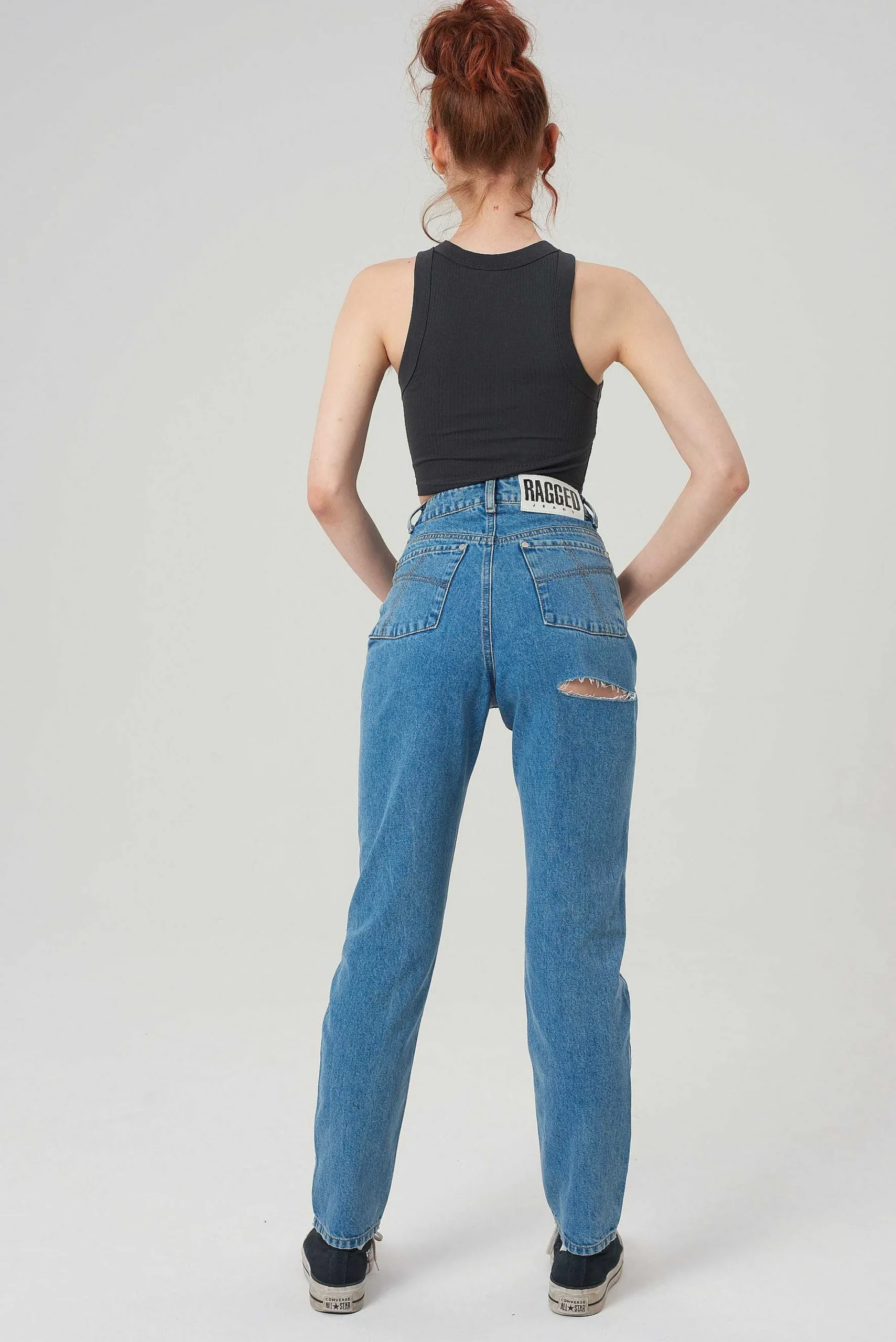 Butt Cut Jeans - Light Blue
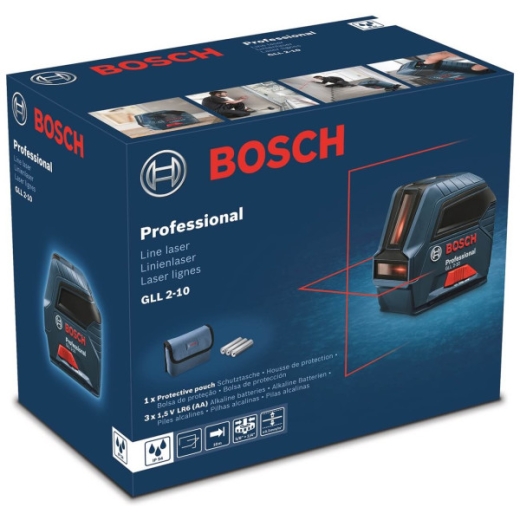 Лазерный нивелир Bosch GLL 2-10 - 7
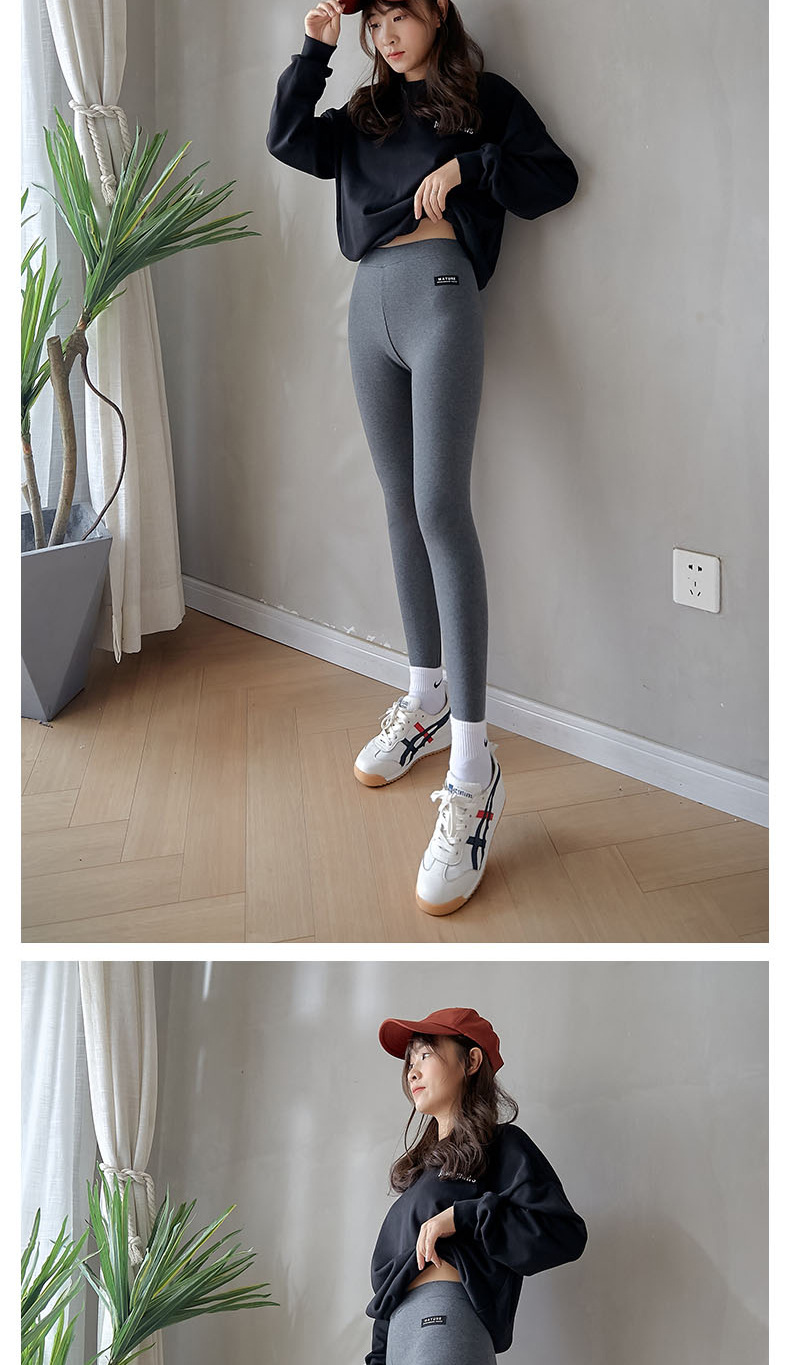 Autumn and Winter Extra Long Underwear Leggings Women's Outer Wear 175 Tall Fleece-Lined Skinny Slimming Yoga Ninth Pants One Piece Dropshipping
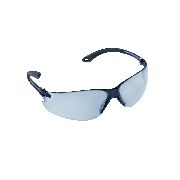 Smoke Lens Safety Glasses Frameless Wrap Around Design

## EXERCISE
Transcribe the whole listing exactly. Pictures stay out of your copy.

## WRITTEN REPLY
 Butt Cut Jeans - Light Blue
 Лазерный нивелир Bosch GLL 2-10 - 7
 Autumn and Winter Extra Long Underwear Leggings Women's Outer Wear 175 Tall Fleece-Lined Skinny Slimming Yoga Ninth Pants One Piece Dropshipping
 Smoke Lens Safety Glasses Frameless Wrap Around Design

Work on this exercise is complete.